People like to be able to see when it's dark.  They want light that's convenient, cheap, and easy-to-use - something very much like Edison's lightbulb which was just outlawed, leading to the closing of American factories and loss of American jobs.  By banning a product people wanted, the government destroyed jobs; it follows that un-banning the product would create them.

How about un-banning marijuana, a product that a great many people want and are willing to pay for?  It's hard to imagine that drug legalization would not create jobs, or more accurately, bring existing jobs out of the black economy and into the realm of legal taxpayers.

And Get Out Of The Way!

What about health?  Nobody wants to die, and people have a proven willingness to pay good money for things they think will cure what ails them.  Why then do we have a government bureau, the FDA, whose entire purpose is to prevent potential cures from being offered for sale?

Then there's those shovel-ready jobs that, as Obama laughingly admitted after wasting a trillion dollars looking for them, don't exist.  Actually they do exist as any commuter in a large American city can attest; it's just that nimbys, environmentalist wackos, and a panoply of taxpayer-funded obstructive bureaucrats prevent any shovels from moving until lifetimes of environmental studies have rendered the costs uneconomical.

The entire Eisenhower interstate system was built in less time than it took to complete a dozen-mile connector in Maryland, not because the actual construction was so hard, but because of the paperwork.  Sack a bureaucrat and create jobs for 100 productive citizens.
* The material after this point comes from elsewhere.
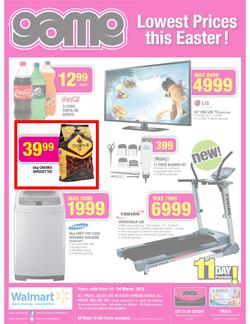 Game : Lowest Prices This Easter (14 Mar - 24 Mar 2013), page 20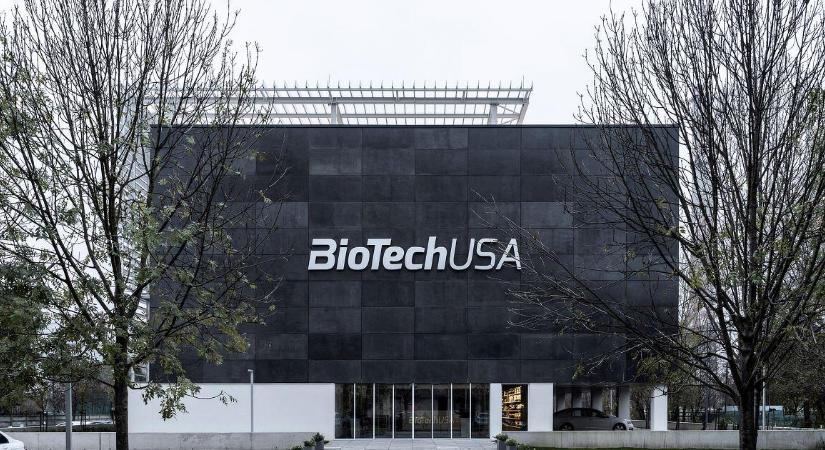 A BioTechUSA cégcsoport vegyes eredményeket ért el tavaly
Creating modern jobs requires massive amounts of capital investment.  The left loves to argue that the rich don't pay their "fair share," despite the vast majority of all taxes being paid by the rich.  However, who is it that creates companies and hires people to do actual productive jobs?  Not the government, for sure - so where are we better off leaving the money?

None of these things are hard.  They don't require much imagination or planning.  Really, they don't need the government to do anything at all, so much as to stop doing bad and harmful things.

Unfortunately, stopping doing bad and harmful things seems to be the one thing government is not only totally incapable of doing, but has no desire whatsoever to do.  That's what makes it hard.

But until we put people in office committed, not to solving problems per se, but to forcing government to stop being the problem... well, there will be more and more non-job jobs, fewer and fewer real ones, and less and less wealth and freedom trickling down to ordinary Americans.